Pour le distraire, je lui ai dit à la blague que je lui donnerais n’importe quoi qui puisse lui changer les idées. Je n’avais pas tenu compte de l’instinct d’éditeur, et il pointa du doigt le petit carnet bleu qui faisait renflement dans la poche intérieure de mon veston.

C’est ainsi qu’il publiera Celle d’avant, celle d’après, puis quatre autres livres (romans, nouvelles). Depuis ce jour, nous avons toujours été côte à côte dans les salons, et nous nous sommes entraidés dès que l’occasion s’est présentée.

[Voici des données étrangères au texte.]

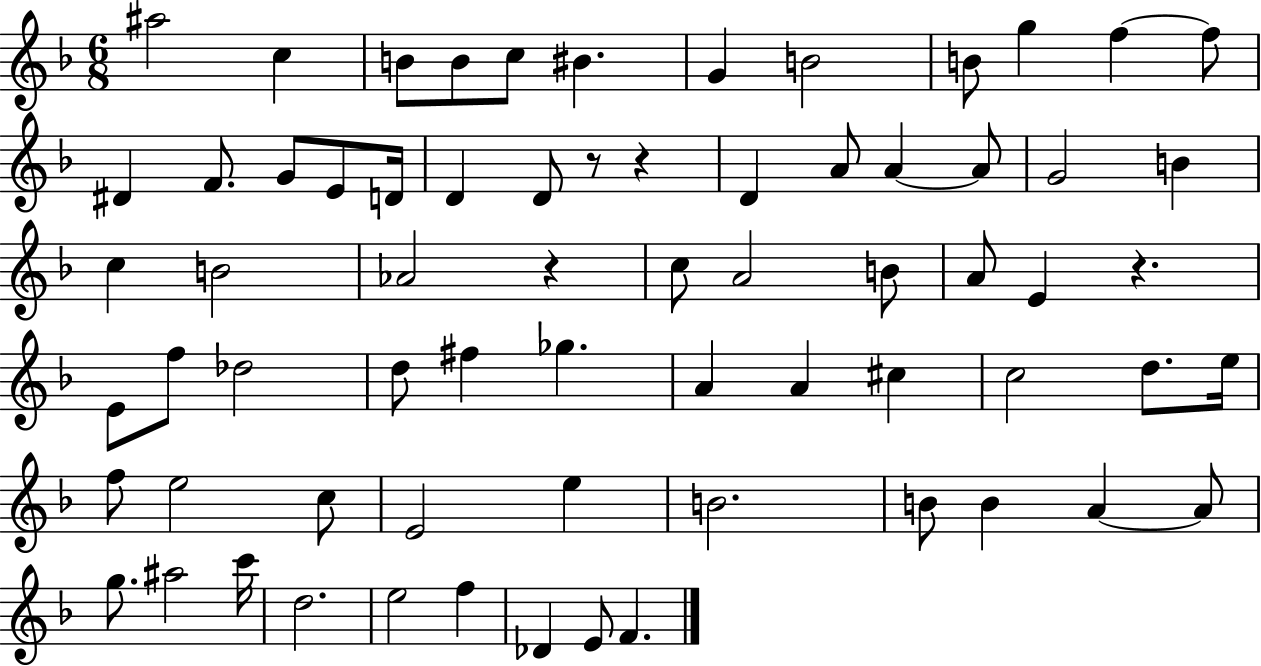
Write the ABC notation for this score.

X:1
T:Untitled
M:6/8
L:1/4
K:F
^a2 c B/2 B/2 c/2 ^B G B2 B/2 g f f/2 ^D F/2 G/2 E/2 D/4 D D/2 z/2 z D A/2 A A/2 G2 B c B2 _A2 z c/2 A2 B/2 A/2 E z E/2 f/2 _d2 d/2 ^f _g A A ^c c2 d/2 e/4 f/2 e2 c/2 E2 e B2 B/2 B A A/2 g/2 ^a2 c'/4 d2 e2 f _D E/2 F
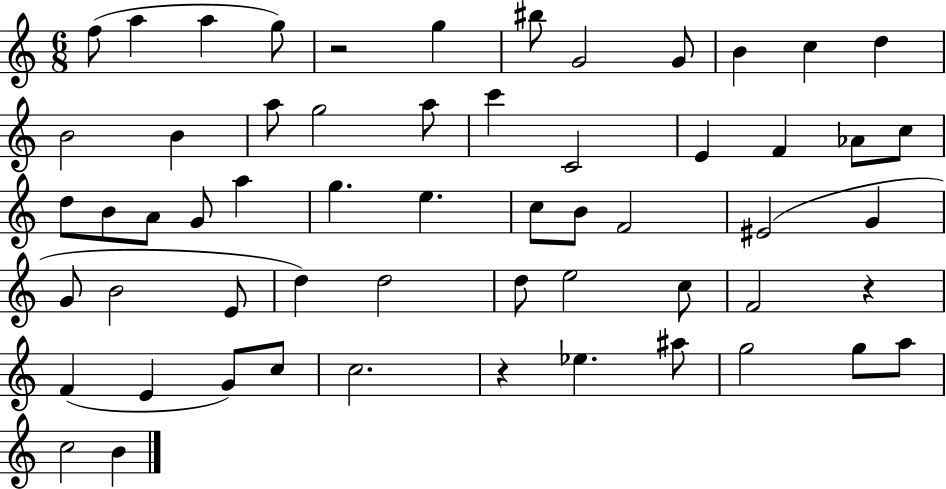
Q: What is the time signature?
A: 6/8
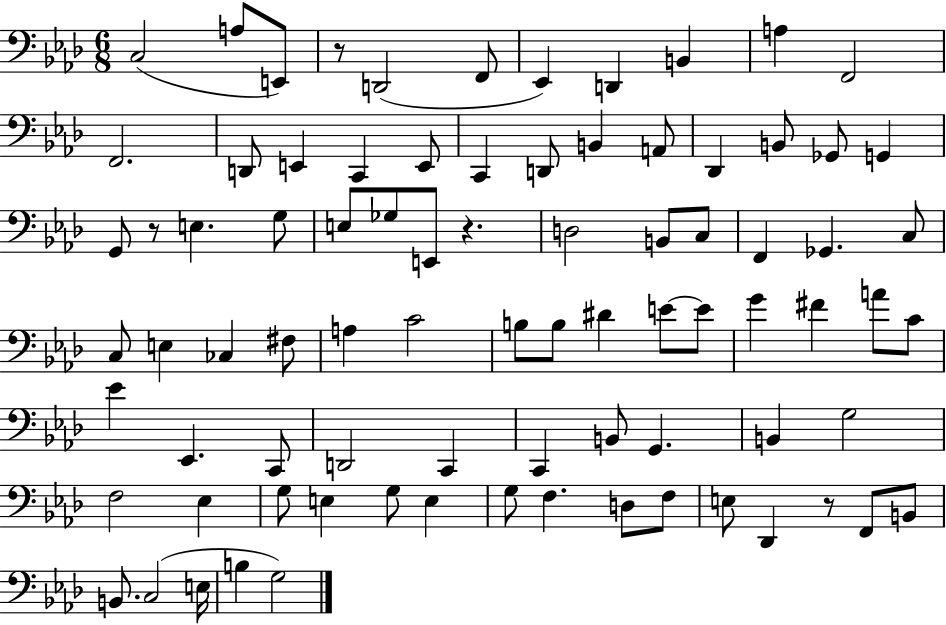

Le destin aura voulu que mon cinquième ouvrage chez Lévesque éditeur soit aussi le dernier à paraître sous sa bienveillante autorité dans la collection Réverbération qu’il dirigeait. Le livre sera présenté au Salon du livre de Québec en avril. Éditeur moi-même (autrefois Éditions Logiques, maintenant Éditions de La Grenouillère), je sais que mes livres ne seraient pas ce qu’ils ont été sans lui. Merci Gaëtan, merci Lévesque éditeur, merci Jacques Richer, toujours au poste, et qui, plus que jamais, assure la permanence —comme l’annonçait Le Devoir, ce vendredi matin.